(Brief descriptive captions)

=-=-=-=-=

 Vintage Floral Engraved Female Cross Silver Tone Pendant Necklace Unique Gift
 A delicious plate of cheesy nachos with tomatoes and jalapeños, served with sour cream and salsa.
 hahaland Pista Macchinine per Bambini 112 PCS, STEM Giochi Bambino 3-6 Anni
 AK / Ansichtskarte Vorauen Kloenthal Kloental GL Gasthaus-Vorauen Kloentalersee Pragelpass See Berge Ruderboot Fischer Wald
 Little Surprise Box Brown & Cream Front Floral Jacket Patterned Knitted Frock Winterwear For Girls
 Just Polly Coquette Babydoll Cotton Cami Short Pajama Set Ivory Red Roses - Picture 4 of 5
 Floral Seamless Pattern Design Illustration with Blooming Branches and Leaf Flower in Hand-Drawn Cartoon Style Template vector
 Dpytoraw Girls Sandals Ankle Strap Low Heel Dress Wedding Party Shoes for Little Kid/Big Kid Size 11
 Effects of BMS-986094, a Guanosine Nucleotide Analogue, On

=-=-=-=-=

### What you need to do
Every line in the data above that contains "Little" needs to be copied.

### Answer box
 Little Surprise Box Brown & Cream Front Floral Jacket Patterned Knitted Frock Winterwear For Girls
 Dpytoraw Girls Sandals Ankle Strap Low Heel Dress Wedding Party Shoes for Little Kid/Big Kid Size 11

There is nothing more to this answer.